▶
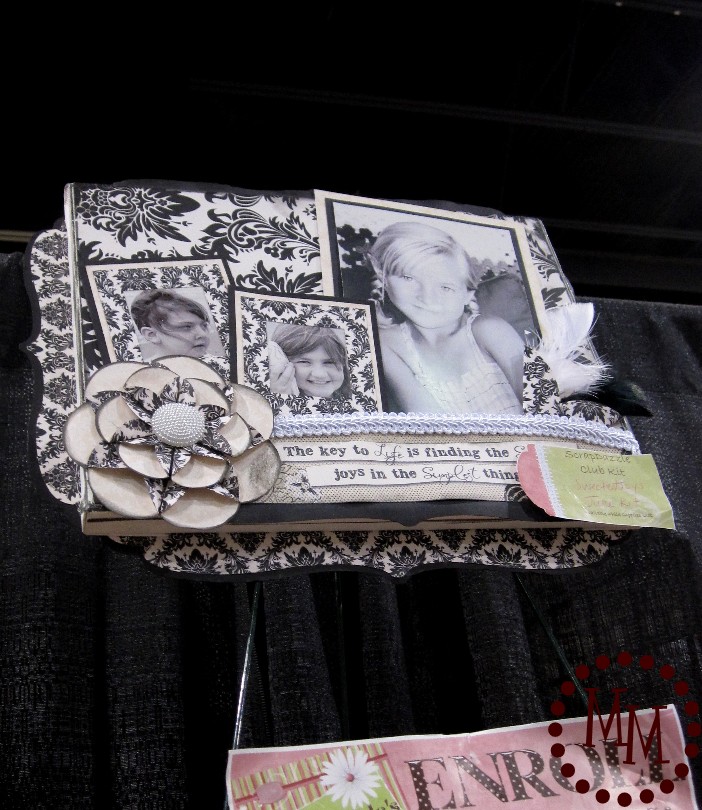 Social Saturday Scrapbook Expo Highlights! The Scrap Shoppe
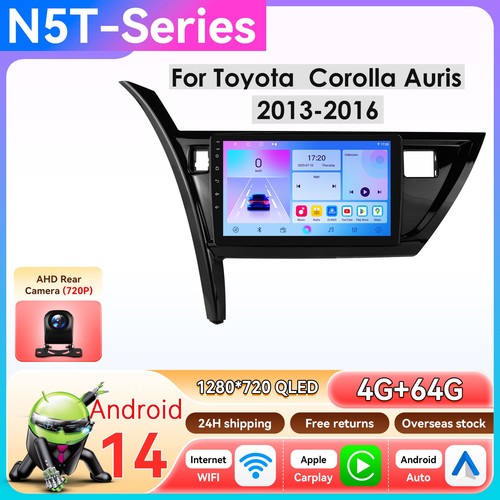 Per 2013 2016 toyota - toyota, auris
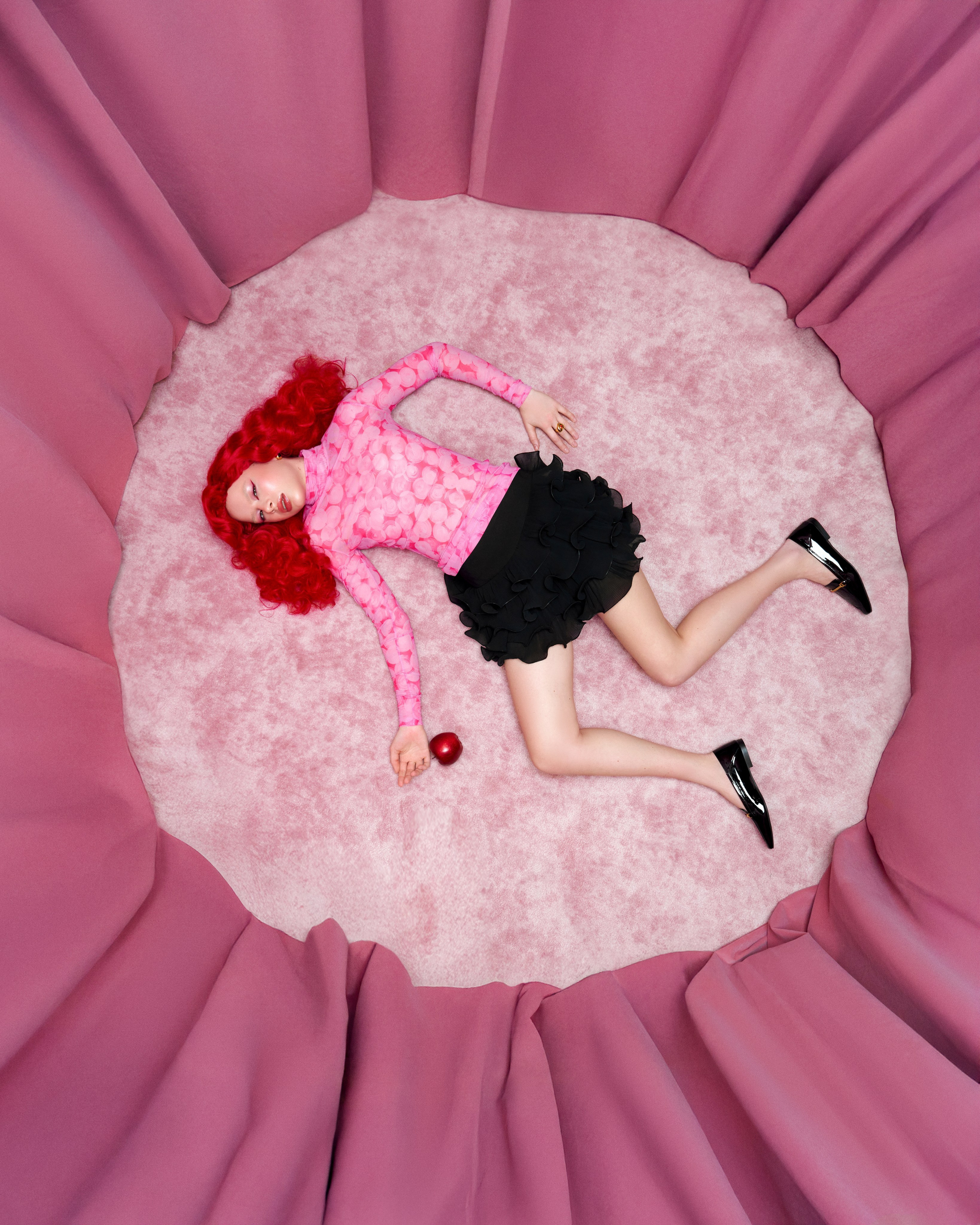 PINK campaign. Коммерческий фотограф Санкт-Петербург, Москва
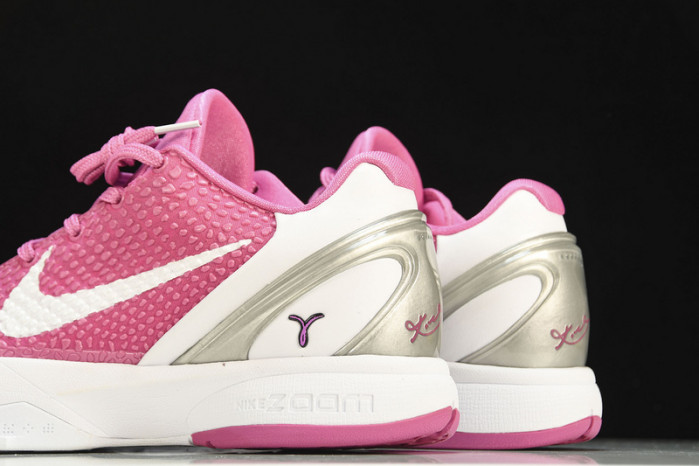 Nike Zoom Kobe 6 Think Pink 429659-601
◀
PROBLEM DESCRIPTION: Print the material above once more, exactly, minus the pictures.

TASK OUTPUT:
 Social Saturday Scrapbook Expo Highlights! The Scrap Shoppe
 Per 2013 2016 toyota - toyota, auris
 PINK campaign. Коммерческий фотограф Санкт-Петербург, Москва
 Nike Zoom Kobe 6 Think Pink 429659-601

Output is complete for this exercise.